On rare occasion to help with an insertion, we have Special Forces, or an overwhelming regular military presence, escort us into enemy country. Given the fact that we are typically without operational support, everyo
ne in my group takes personal safety seriously, and like all of my peers, in my previous life I was one of the gunslingers. There has been more than one occasion where, if I wanted to live through the mission, I had to become one more member of the fire team and not just the doc along for the ride like so much freight. Most everyone in my group has had similar experiences. Because of this hypersensitivity about my personal safety, the next thing to be packed was a Beretta Model 96FS de-cocker chambered in .40 S&W carrying eleven rounds, ten in the clip and one in the pipe. Billy added four spare clips holding ten more rounds each. The weapon did not come from storage — I already had it on me. In addition to the pistol, I slipped in a couple of other surprises. Sharp ones.

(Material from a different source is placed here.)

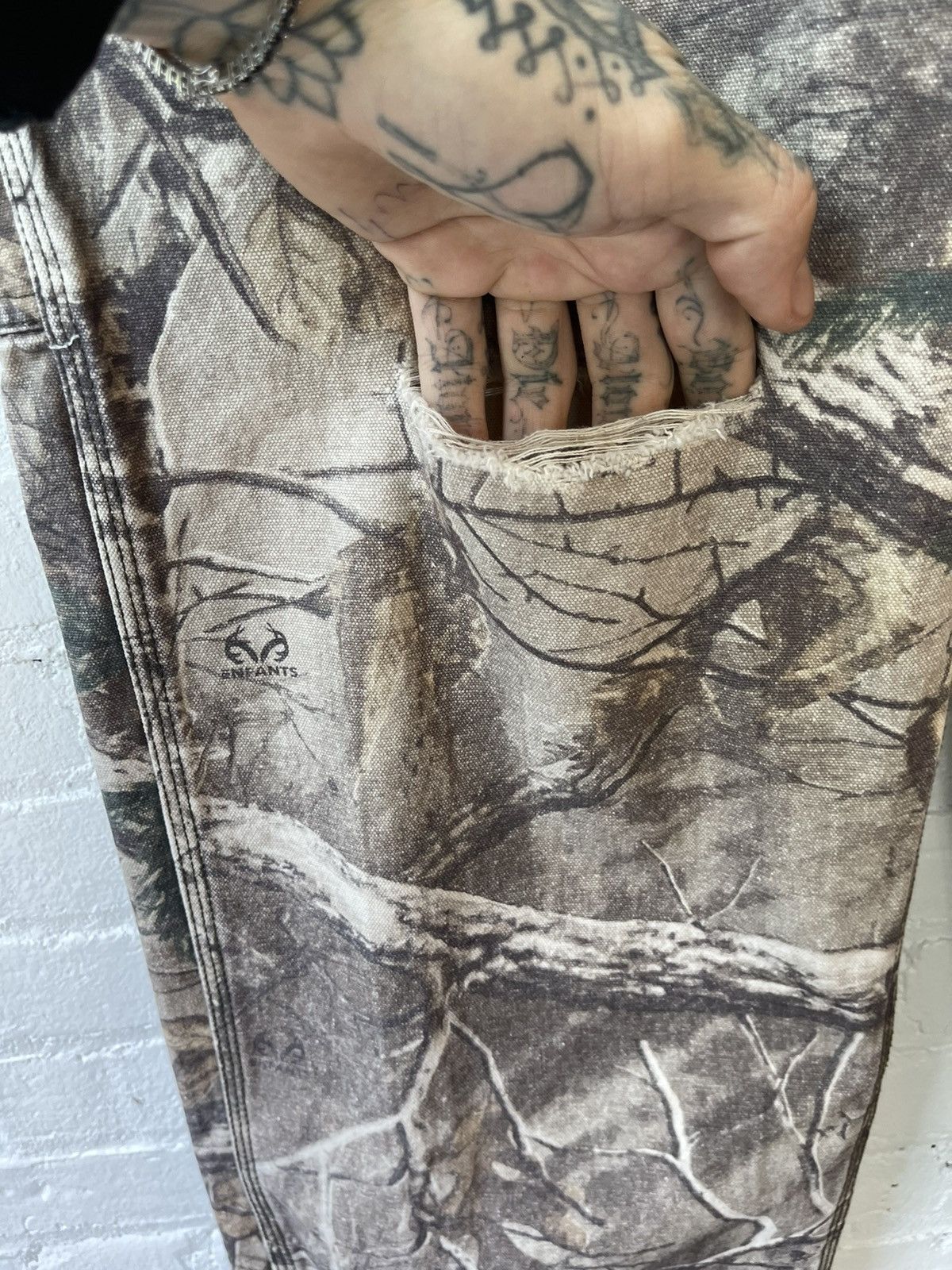 Enfants Riches Deprimes ERD THRASHED TREE CAMO Cargo JEANS PANTS sz36 BAGGY 4Gseller Size US 36 / EU 52 - 5 Thumbnail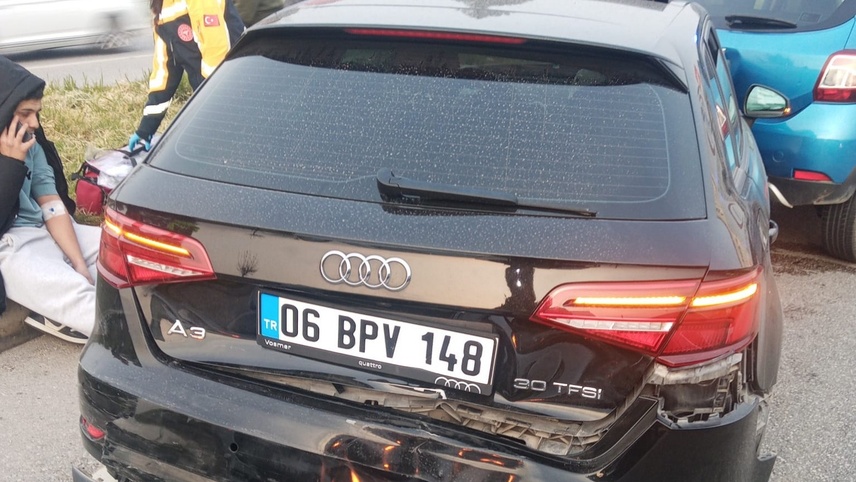 Manisa'da zincirleme trafik kazasında 7 kişi yaralandı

Billy nodded approvingly as if finally some good decisions were being made. “I don’t trust the bubbleheads either,” he joked. “All that time at sea might make your skinny ass look way too mermaid-like!”
I wasn’t so much worried about defending myself in the sub although some strange things have happened to me in friendly places, as I was about an unplanned emergency diversion interrupting the insertion. Of course, if I did end up in a hostile environment, the sidearm might not be enough, but it was all that could reasonably be packed. I was certain that once aboard the sub everything brought in with me would become visible to others and a shotgun would raise eyebrows. Submariners could be an overly sensitive bunch. Must be the weeks on end without seeing the sun. I wasn’t going to share Billy’s mermaid comment with the crew.
We packed it all in one of our standard, olive drab canisters. The canisters were cylindrical, almost five feet long and about a foot in diameter. They were sealed when closed and would keep out ocean water or desert sand. They also had a pointed end and could penetrate a jungle canopy or the roof of any third-world hut — we had had a couple of embarrassing incidents to prove that. If you weren’t careful, you could over-pack, making them incredibly heavy. The one feature they did not have was built-in luggage wheels.